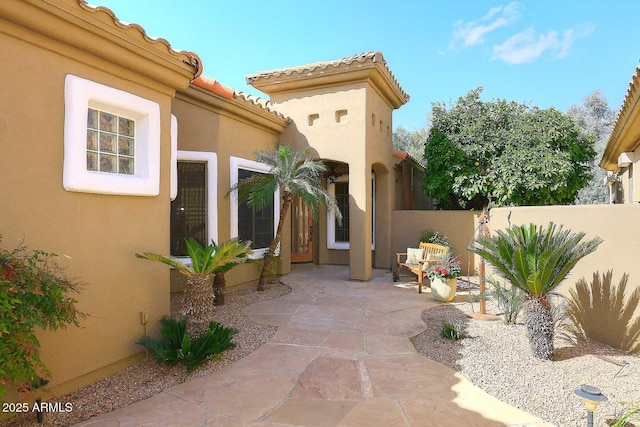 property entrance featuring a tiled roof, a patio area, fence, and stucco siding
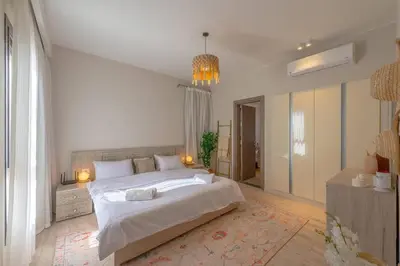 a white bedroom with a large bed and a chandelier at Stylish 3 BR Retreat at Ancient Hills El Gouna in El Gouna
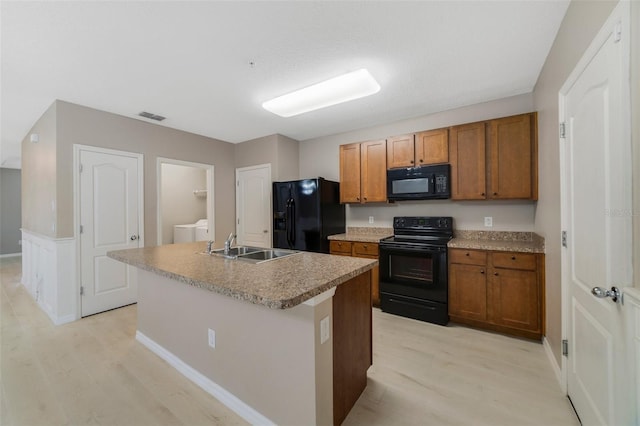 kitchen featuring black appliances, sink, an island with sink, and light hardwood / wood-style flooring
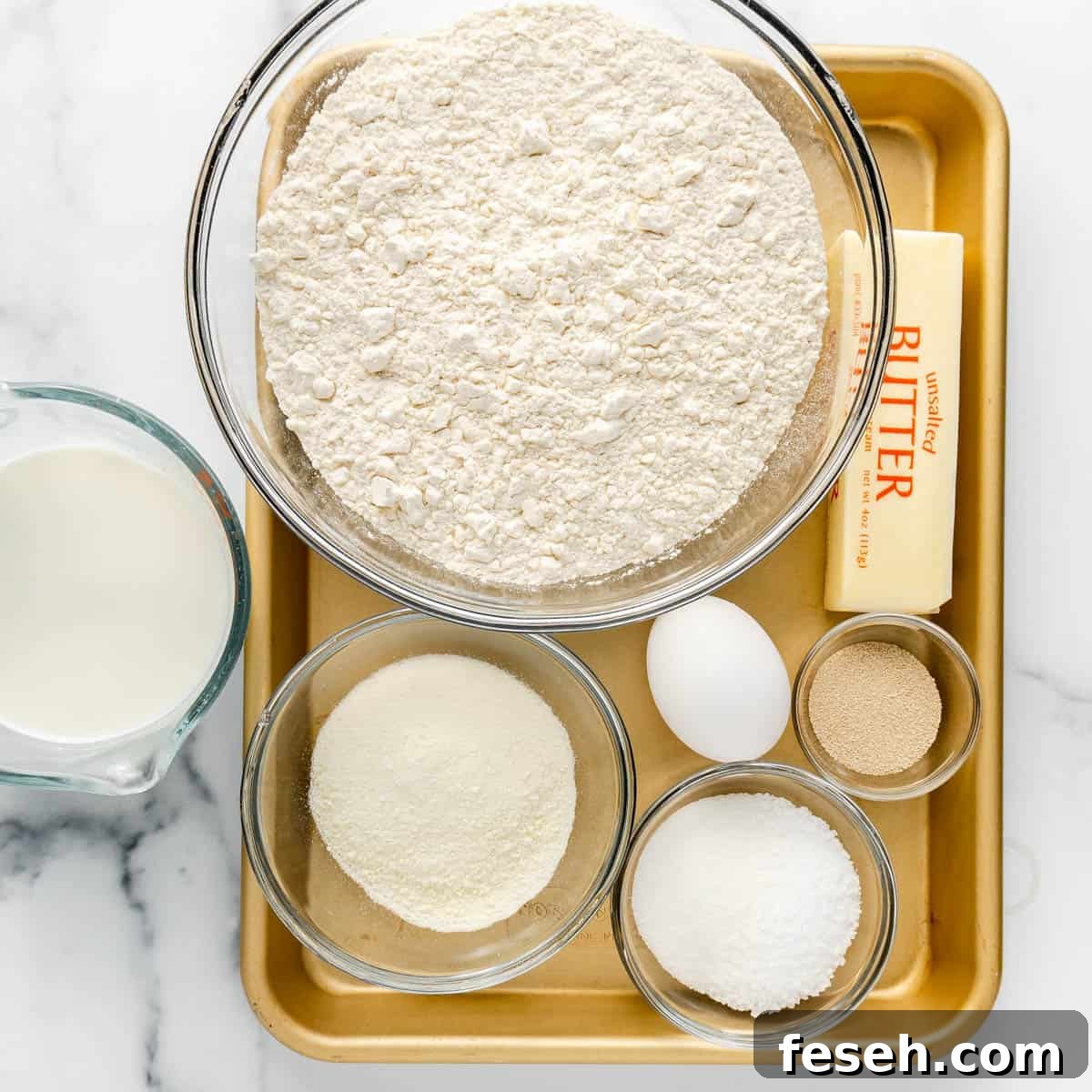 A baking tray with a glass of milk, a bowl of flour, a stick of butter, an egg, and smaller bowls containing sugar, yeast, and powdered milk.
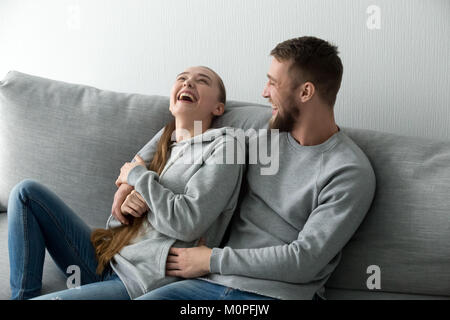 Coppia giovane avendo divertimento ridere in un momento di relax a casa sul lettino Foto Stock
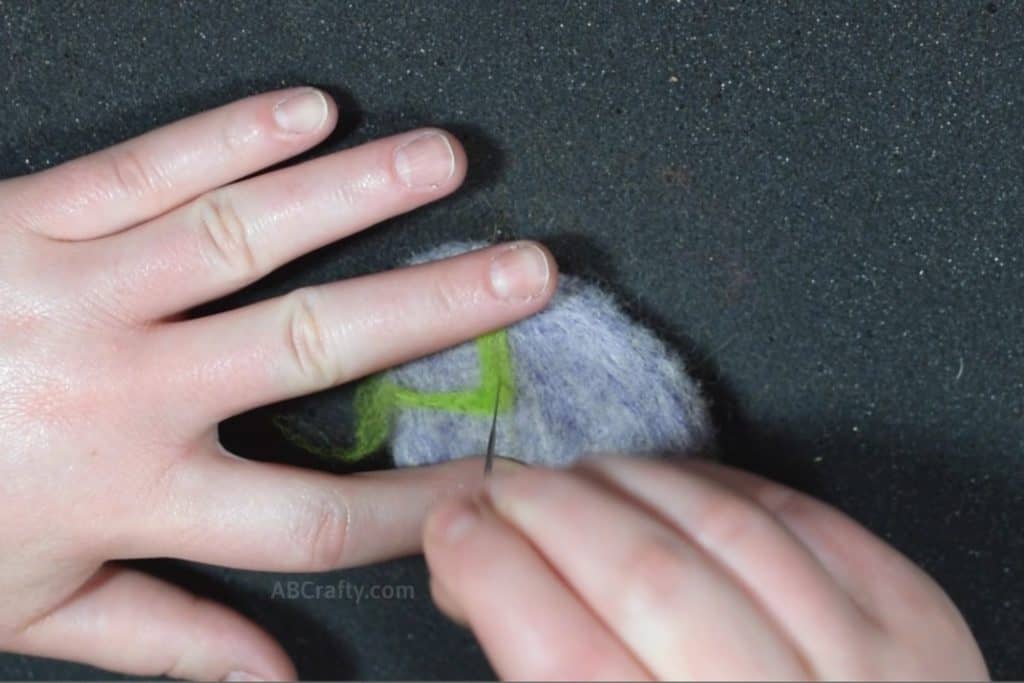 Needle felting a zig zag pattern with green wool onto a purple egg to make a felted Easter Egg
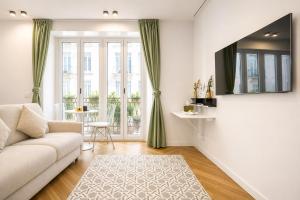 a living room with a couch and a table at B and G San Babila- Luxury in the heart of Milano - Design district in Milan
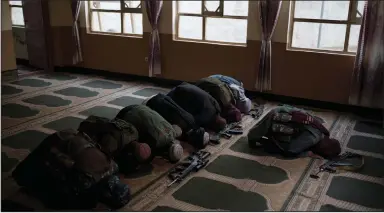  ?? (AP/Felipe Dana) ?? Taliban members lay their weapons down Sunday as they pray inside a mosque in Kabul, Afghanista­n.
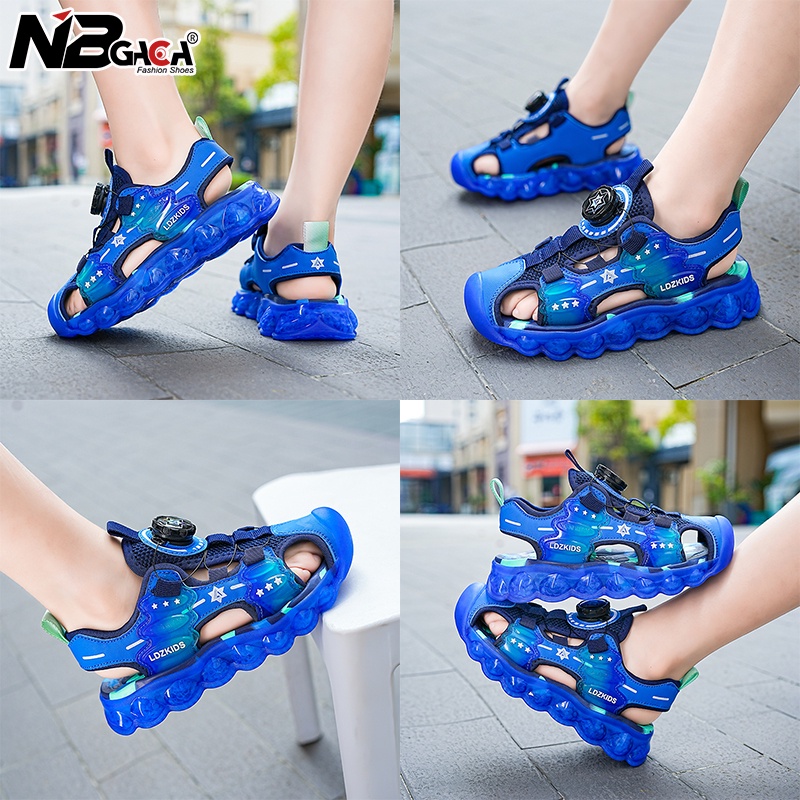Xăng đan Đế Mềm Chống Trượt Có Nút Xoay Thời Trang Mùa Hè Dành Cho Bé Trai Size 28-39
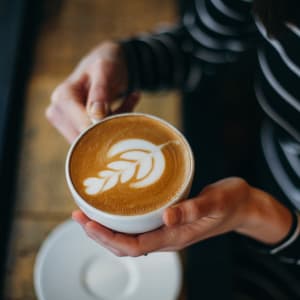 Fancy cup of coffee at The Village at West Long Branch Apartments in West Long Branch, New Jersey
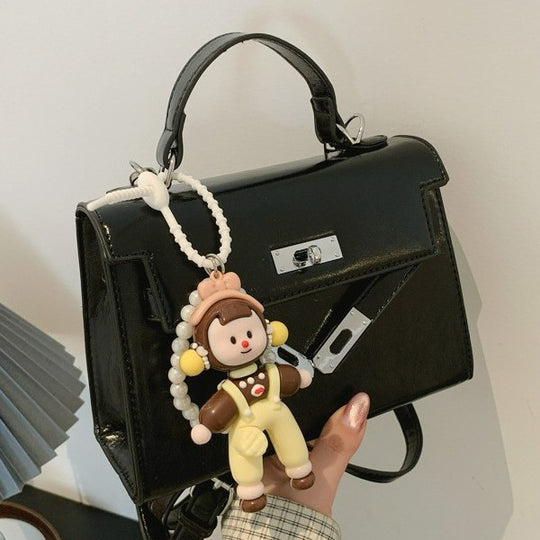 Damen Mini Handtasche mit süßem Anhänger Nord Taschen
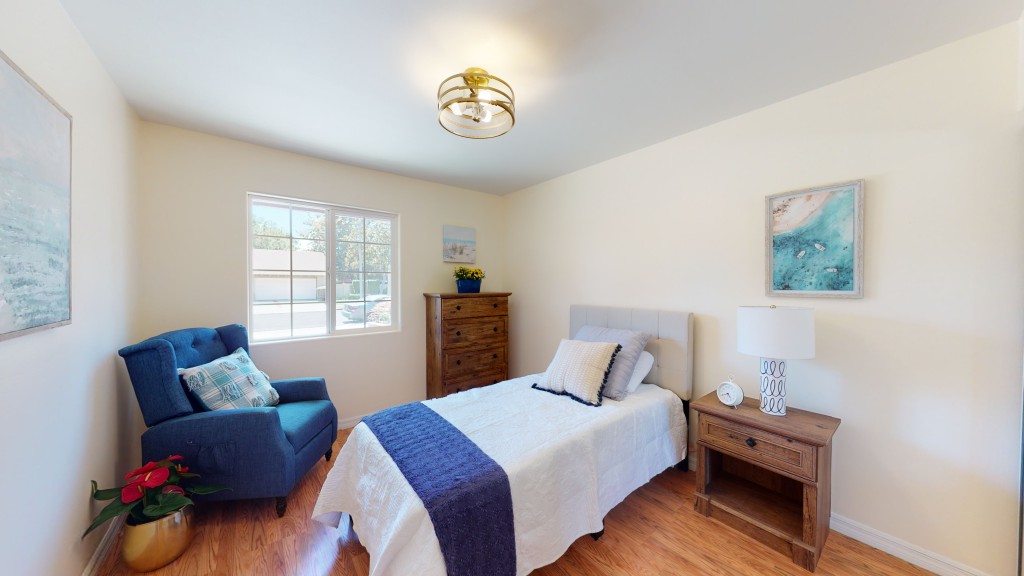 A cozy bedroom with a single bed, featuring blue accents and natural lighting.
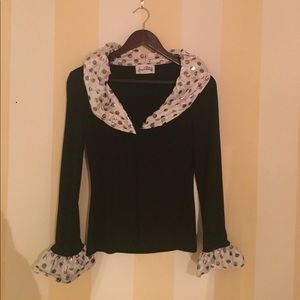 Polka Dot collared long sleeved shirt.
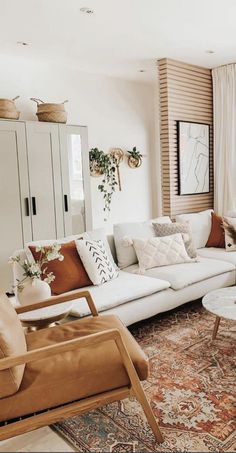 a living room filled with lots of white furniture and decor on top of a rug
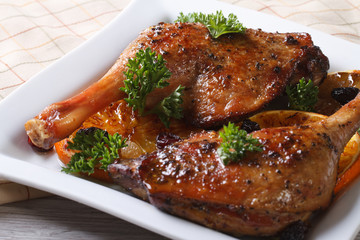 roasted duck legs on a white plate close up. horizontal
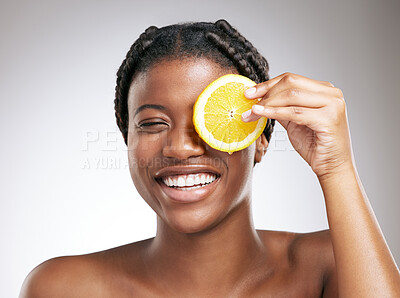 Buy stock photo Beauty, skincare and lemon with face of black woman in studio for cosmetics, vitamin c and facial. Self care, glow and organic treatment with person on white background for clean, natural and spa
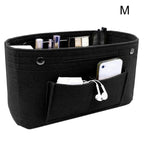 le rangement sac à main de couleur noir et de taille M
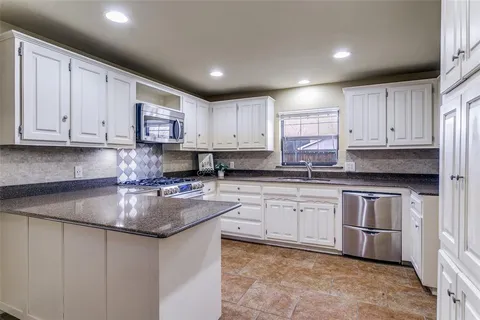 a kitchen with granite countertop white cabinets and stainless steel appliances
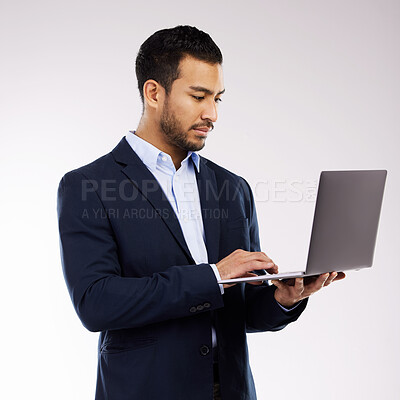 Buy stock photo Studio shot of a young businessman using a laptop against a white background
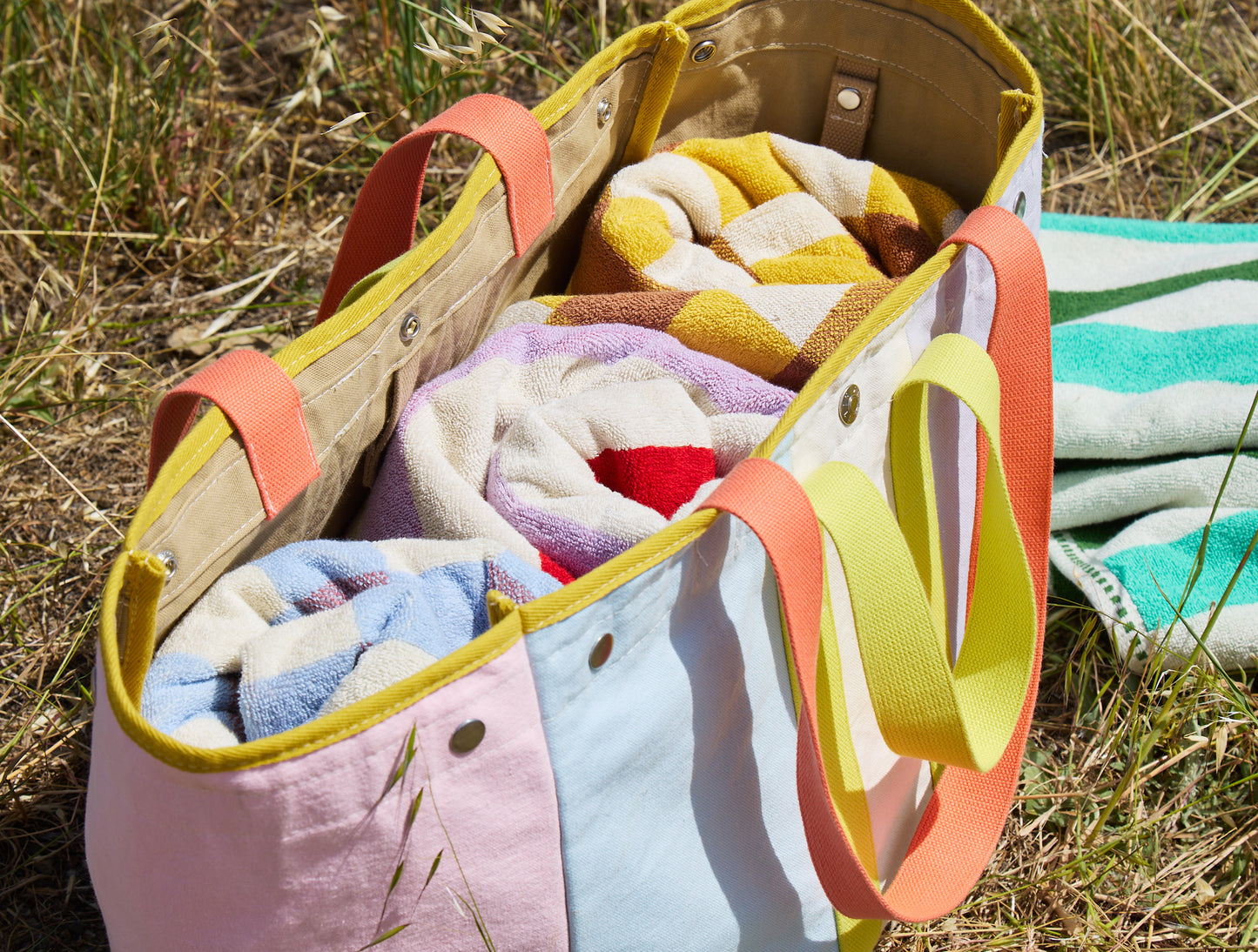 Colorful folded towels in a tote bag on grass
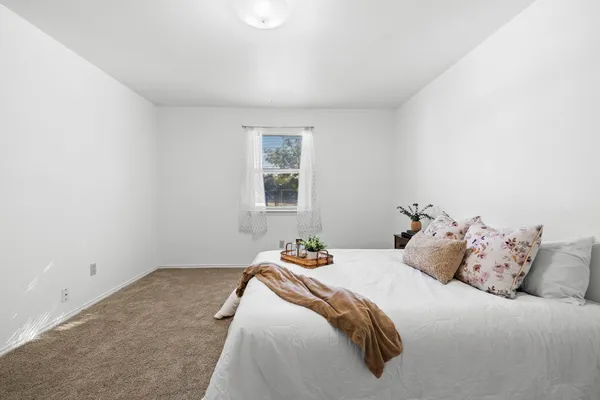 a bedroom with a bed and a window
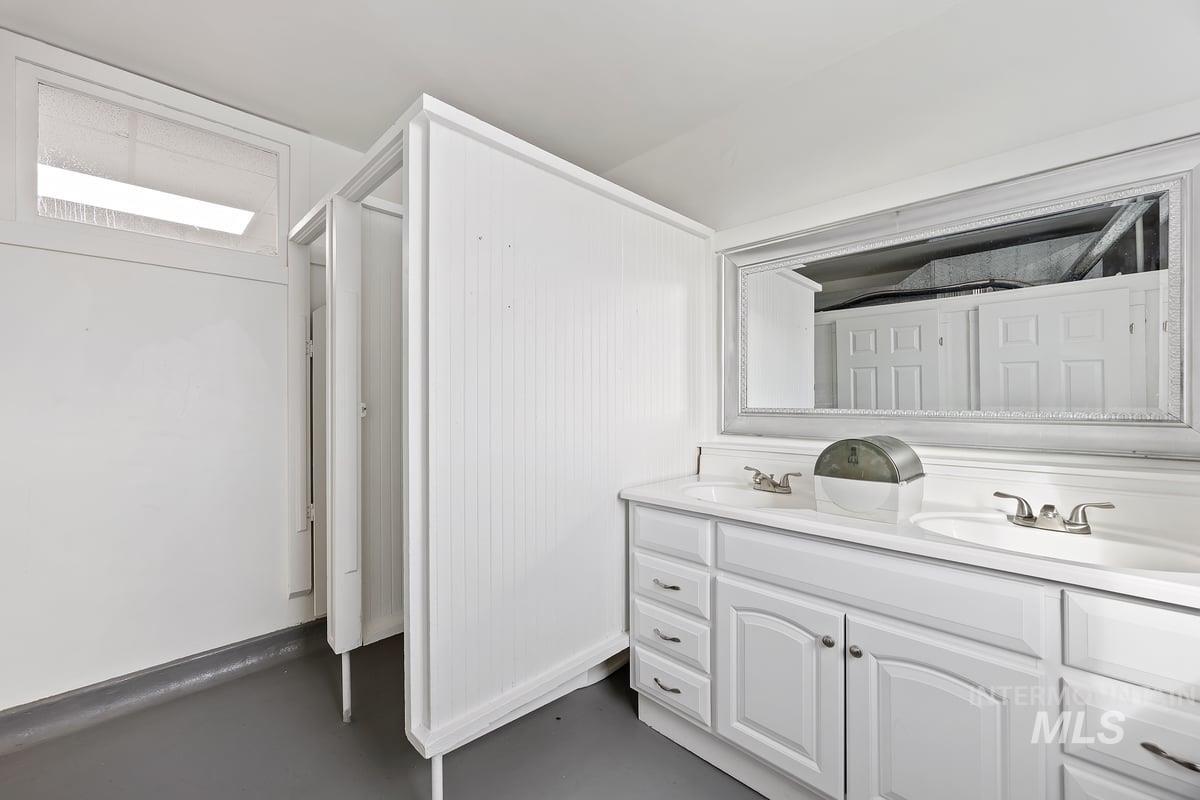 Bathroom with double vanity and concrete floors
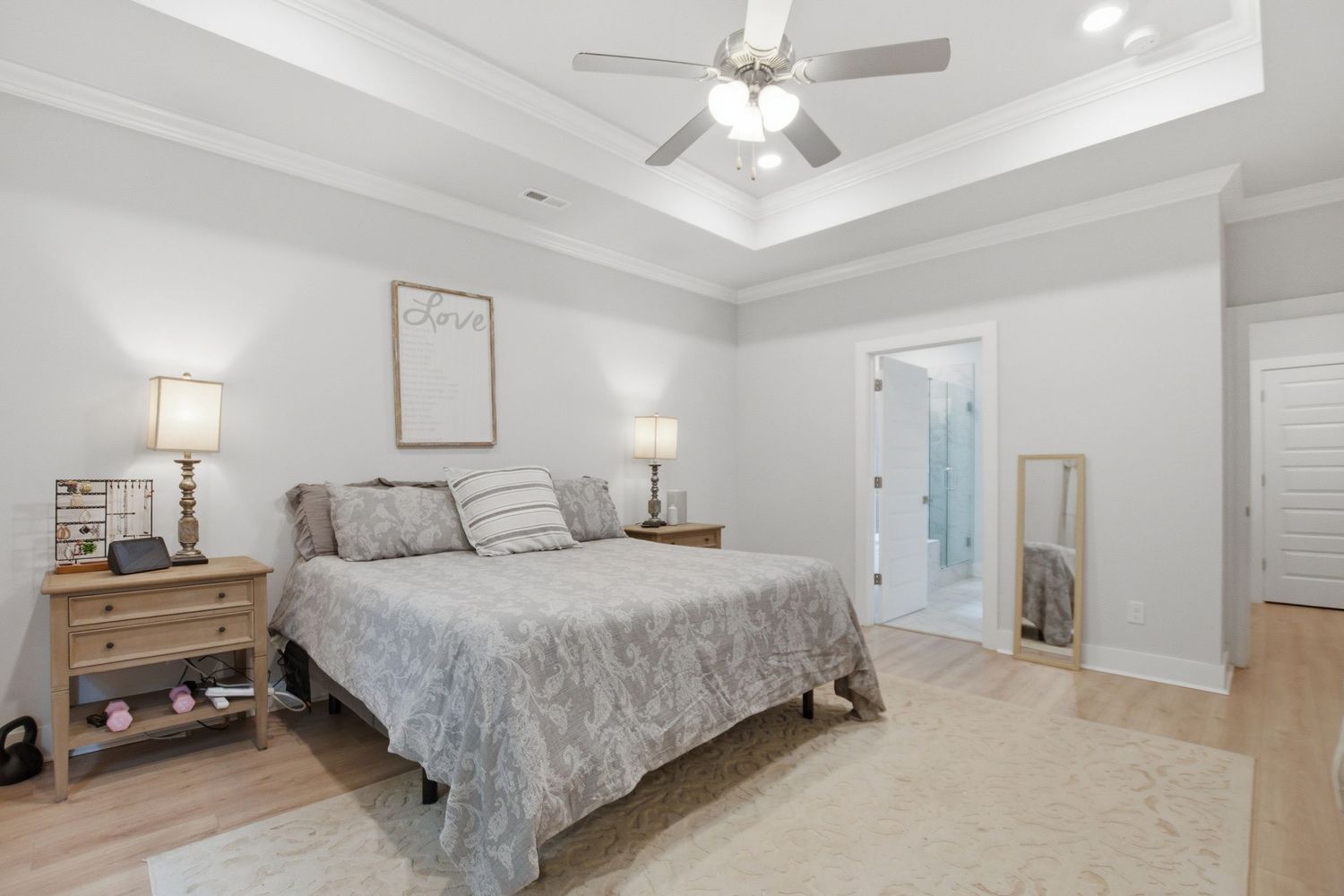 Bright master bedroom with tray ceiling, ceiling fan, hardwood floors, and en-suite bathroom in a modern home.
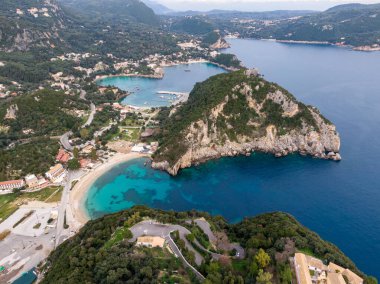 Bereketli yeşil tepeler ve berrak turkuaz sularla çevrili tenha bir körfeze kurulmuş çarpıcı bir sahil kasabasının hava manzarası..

● ● ● ● ● ● ●

= Exercise goal =
Drop the images and transcribe the entries above exactly.

= Solved exercise =
 property entrance featuring a tiled roof, a patio area, fence, and stucco siding
 a white bedroom with a large bed and a chandelier at Stylish 3 BR Retreat at Ancient Hills El Gouna in El Gouna
 kitchen featuring black appliances, sink, an island with sink, and light hardwood / wood-style flooring
 A baking tray with a glass of milk, a bowl of flour, a stick of butter, an egg, and smaller bowls containing sugar, yeast, and powdered milk.
 Coppia giovane avendo divertimento ridere in un momento di relax a casa sul lettino Foto Stock
 Needle felting a zig zag pattern with green wool onto a purple egg to make a felted Easter Egg
 a living room with a couch and a table at B and G San Babila- Luxury in the heart of Milano - Design district in Milan
  ?? (AP/Felipe Dana) ?? Taliban members lay their weapons down Sunday as they pray inside a mosque in Kabul, Afghanista­n.
Xăng đan Đế Mềm Chống Trượt Có Nút Xoay Thời Trang Mùa Hè Dành Cho Bé Trai Size 28-39
 Fancy cup of coffee at The Village at West Long Branch Apartments in West Long Branch, New Jersey
 Damen Mini Handtasche mit süßem Anhänger Nord Taschen
 A cozy bedroom with a single bed, featuring blue accents and natural lighting.
 Polka Dot collared long sleeved shirt.
 a living room filled with lots of white furniture and decor on top of a rug
 roasted duck legs on a white plate close up. horizontal
 Buy stock photo Beauty, skincare and lemon with face of black woman in studio for cosmetics, vitamin c and facial. Self care, glow and organic treatment with person on white background for clean, natural and spa
 le rangement sac à main de couleur noir et de taille M
 a kitchen with granite countertop white cabinets and stainless steel appliances
 Buy stock photo Studio shot of a young businessman using a laptop against a white background
 Colorful folded towels in a tote bag on grass
 a bedroom with a bed and a window
 Bathroom with double vanity and concrete floors
 Bright master bedroom with tray ceiling, ceiling fan, hardwood floors, and en-suite bathroom in a modern home.
 Bereketli yeşil tepeler ve berrak turkuaz sularla çevrili tenha bir körfeze kurulmuş çarpıcı bir sahil kasabasının hava manzarası..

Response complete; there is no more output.